I’m not sure that this is really fair to call broken. This sort of fine granularity market segmentation allows Intel to maximize revenue by selling at every point along the demand curve, getting a computer into each customer’s hands that meets their needs at a price that they are willing to pay. Higher prices on the high end enables lower prices on the low end. If Intel chose to split the difference and sell a small number of standard SKUs in the middle of the price range, it would benefit those at the high end and harm those at the low end. Obviously people here on HN have a particular bias on this tradeoff, but it’s important to keep things in perspective. Fusing off features on lower-priced SKUs allows those SKUs to be sold at that price point at all. If those SKUs cannibalized demand for their higher tier SKUs, they would just have to be dropped from the market.

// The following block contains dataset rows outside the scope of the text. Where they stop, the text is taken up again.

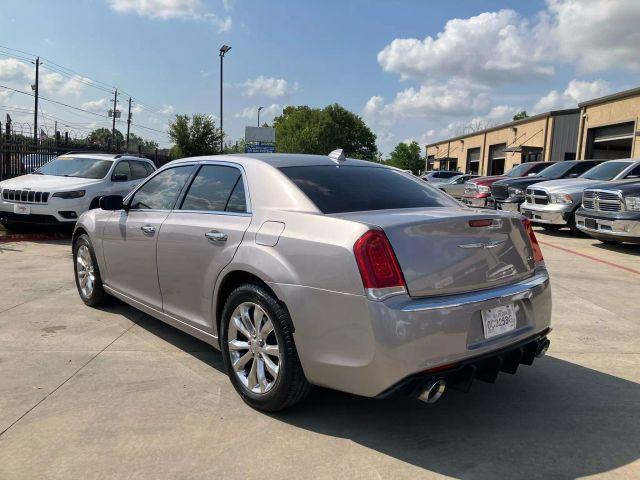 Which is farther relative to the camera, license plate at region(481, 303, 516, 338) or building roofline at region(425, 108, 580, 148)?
building roofline at region(425, 108, 580, 148)

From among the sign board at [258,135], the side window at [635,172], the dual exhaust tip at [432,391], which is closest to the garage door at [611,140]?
the side window at [635,172]

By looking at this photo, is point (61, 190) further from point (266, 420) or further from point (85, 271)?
point (266, 420)

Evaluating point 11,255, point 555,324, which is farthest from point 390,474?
point 11,255

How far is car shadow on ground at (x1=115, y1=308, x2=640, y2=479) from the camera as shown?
2822 millimetres

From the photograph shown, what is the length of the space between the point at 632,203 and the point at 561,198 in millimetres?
2605

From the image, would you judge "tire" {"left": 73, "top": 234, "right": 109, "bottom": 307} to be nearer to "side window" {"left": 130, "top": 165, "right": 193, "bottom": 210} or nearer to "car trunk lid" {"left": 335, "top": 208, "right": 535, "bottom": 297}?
"side window" {"left": 130, "top": 165, "right": 193, "bottom": 210}

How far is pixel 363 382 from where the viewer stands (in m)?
2.80

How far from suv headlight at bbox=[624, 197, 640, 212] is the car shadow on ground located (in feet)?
22.1

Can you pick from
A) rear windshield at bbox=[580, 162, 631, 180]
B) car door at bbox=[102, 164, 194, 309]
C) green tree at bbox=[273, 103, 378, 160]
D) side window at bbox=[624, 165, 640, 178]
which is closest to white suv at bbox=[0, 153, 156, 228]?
car door at bbox=[102, 164, 194, 309]

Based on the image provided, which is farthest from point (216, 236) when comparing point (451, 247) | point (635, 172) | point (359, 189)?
point (635, 172)

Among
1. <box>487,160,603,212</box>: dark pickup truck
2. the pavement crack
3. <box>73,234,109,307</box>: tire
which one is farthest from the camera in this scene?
<box>487,160,603,212</box>: dark pickup truck

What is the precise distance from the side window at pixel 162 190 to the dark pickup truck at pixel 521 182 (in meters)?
11.6

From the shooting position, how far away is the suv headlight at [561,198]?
→ 12148 millimetres

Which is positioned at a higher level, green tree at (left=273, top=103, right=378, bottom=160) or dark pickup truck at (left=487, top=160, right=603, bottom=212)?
green tree at (left=273, top=103, right=378, bottom=160) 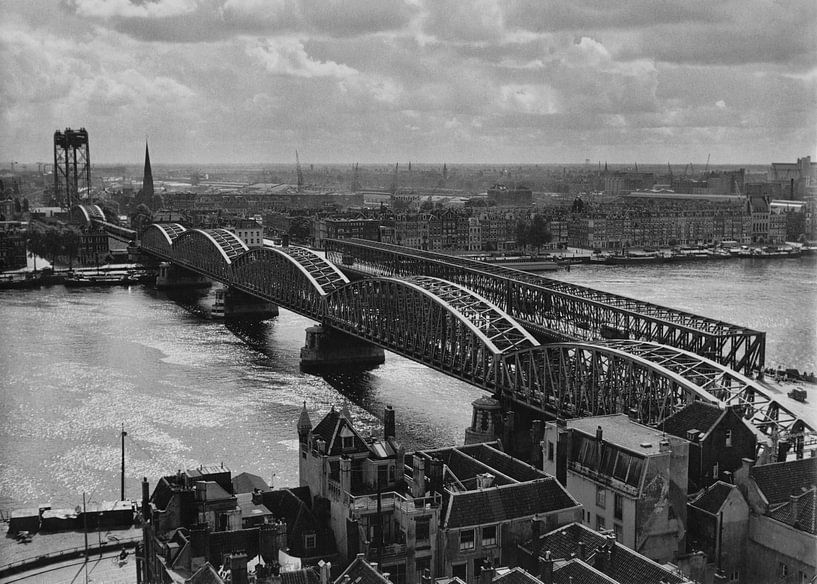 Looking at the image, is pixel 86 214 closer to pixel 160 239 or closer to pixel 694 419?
pixel 160 239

Obviously Intel is not a charity, and they’re not doing this for public benefit, but that doesn’t mean it doesn’t have a public benefit. Enabling sellers to sell products at the prices that people are willing/able to pay is good for market efficiency, since it since otherwise vendors have to refuse some less profitable but still profitable sales.

It is unfortunate though that this has led to ECC support being excluded from consumer devices.


Without knowing what the silicon lottery distribution actually looks like we can't really say that.

> "... but it's worth bearing in mind that the cost of the product is not just the marginal cost of the materials and labour."

Yes, you could choose to amortize it over every product but then you're selling each CPU for the same price no matter which functional units happen to be defective on a given part.

Since that's not a great strategy (who wants to pay the same for a 12 core part as a 4 core part because the amount of sand that went into it is the same?) you then begin to assign more value to the parts with more function, do you not? And then this turns into a gradient. And eventually, you charge very little for the parts that only reception PCs require, and a lot more for the ones that perform much better.

Once you get to diminishing returns there's going to be a demographic you can charge vastly more for that last 1% juice, because either they want to flex or at their scale it matters.

Pretty soon once you get to the end of the thought exercise it starts to look an awful lot like Intel's line-up.

I think what folks don't realize is even now, Intel 10nm fully functional yields are ~50%. That means the other half of those parts, if we're lucky, can be tested and carved up to lower bins.

Even within the "good" 50% certain parts are going to be able to perform much better than others.